**EXERCISE AIM:** Every line of the entries below from the one containing "Зеленая ванная комната" to the one containing "Scp-096 「シャイガイ」ホラーアートデザイン タンクトップ", both ends included, must be written out exactly. No other line belongs in the answer.

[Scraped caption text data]
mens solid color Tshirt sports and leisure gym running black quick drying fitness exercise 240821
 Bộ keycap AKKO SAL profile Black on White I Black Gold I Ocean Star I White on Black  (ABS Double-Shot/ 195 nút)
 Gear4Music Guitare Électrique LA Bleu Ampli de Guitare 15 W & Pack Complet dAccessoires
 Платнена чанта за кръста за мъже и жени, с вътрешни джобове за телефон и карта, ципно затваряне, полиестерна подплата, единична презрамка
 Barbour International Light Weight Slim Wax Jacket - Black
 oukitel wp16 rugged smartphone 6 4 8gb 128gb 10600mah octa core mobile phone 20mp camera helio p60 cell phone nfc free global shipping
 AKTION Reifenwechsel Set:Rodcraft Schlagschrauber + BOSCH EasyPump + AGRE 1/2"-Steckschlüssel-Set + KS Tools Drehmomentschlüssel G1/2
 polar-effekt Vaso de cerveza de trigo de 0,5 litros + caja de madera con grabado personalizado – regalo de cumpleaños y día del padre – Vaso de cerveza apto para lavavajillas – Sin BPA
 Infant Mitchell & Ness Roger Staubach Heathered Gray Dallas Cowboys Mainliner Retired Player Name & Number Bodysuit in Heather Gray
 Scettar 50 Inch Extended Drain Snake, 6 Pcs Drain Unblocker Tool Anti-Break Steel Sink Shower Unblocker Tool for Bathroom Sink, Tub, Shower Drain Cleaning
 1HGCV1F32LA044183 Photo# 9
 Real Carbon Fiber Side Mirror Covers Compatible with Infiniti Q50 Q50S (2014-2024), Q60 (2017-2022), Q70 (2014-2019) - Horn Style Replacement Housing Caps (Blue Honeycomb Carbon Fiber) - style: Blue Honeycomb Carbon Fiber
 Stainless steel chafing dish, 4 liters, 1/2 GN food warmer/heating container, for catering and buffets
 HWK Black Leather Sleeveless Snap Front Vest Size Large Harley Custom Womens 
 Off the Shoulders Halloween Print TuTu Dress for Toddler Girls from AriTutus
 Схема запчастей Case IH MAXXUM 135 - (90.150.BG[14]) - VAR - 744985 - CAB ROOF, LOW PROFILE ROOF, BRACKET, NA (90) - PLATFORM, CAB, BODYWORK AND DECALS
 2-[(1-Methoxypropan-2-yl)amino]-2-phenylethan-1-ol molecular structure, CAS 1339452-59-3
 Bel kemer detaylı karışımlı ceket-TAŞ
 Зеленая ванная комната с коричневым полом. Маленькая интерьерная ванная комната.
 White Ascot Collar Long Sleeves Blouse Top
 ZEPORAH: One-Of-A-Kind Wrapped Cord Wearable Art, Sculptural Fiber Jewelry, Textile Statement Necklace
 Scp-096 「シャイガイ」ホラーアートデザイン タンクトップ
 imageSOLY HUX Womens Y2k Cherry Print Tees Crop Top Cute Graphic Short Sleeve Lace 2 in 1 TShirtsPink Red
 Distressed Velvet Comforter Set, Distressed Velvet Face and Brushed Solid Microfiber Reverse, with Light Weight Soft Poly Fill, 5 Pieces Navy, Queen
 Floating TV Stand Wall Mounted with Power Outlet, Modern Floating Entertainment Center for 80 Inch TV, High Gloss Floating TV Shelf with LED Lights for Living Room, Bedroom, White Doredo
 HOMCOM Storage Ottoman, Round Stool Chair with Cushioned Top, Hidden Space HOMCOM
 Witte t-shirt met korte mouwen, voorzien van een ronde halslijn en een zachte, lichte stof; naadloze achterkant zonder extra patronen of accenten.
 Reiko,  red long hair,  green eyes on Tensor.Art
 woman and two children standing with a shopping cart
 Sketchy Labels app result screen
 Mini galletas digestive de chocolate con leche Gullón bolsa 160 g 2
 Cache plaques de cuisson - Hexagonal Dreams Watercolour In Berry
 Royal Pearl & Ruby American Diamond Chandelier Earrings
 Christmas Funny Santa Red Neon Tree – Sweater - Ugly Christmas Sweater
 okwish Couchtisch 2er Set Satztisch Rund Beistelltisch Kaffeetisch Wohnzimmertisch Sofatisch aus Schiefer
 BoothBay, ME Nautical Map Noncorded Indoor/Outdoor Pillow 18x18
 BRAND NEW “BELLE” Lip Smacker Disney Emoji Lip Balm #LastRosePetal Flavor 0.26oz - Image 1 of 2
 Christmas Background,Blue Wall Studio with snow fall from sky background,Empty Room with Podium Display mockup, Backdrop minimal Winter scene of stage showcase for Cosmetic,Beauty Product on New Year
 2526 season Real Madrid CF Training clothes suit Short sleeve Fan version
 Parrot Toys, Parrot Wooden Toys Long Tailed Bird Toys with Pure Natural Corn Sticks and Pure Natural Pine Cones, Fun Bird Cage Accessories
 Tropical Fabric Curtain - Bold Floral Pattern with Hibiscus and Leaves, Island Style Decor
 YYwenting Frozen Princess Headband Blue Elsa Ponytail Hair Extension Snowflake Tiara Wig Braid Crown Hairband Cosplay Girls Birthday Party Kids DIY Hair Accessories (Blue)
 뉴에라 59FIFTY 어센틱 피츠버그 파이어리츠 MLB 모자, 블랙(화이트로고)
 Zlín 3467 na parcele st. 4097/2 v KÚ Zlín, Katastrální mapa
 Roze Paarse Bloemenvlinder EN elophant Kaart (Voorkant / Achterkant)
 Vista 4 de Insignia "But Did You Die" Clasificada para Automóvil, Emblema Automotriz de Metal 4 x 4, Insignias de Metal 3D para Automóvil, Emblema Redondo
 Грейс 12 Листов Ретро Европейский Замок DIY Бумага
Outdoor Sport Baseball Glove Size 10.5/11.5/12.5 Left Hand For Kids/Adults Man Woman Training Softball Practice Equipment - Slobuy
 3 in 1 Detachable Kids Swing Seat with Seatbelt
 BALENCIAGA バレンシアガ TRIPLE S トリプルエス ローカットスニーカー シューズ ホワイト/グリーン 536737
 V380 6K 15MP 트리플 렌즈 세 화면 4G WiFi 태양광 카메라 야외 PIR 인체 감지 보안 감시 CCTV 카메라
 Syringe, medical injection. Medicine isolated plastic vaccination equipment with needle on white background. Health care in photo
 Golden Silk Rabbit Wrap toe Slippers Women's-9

**SOLUTION FOR THIS TASK:**
 Зеленая ванная комната с коричневым полом. Маленькая интерьерная ванная комната.
 White Ascot Collar Long Sleeves Blouse Top
 ZEPORAH: One-Of-A-Kind Wrapped Cord Wearable Art, Sculptural Fiber Jewelry, Textile Statement Necklace
 Scp-096 「シャイガイ」ホラーアートデザイン タンクトップ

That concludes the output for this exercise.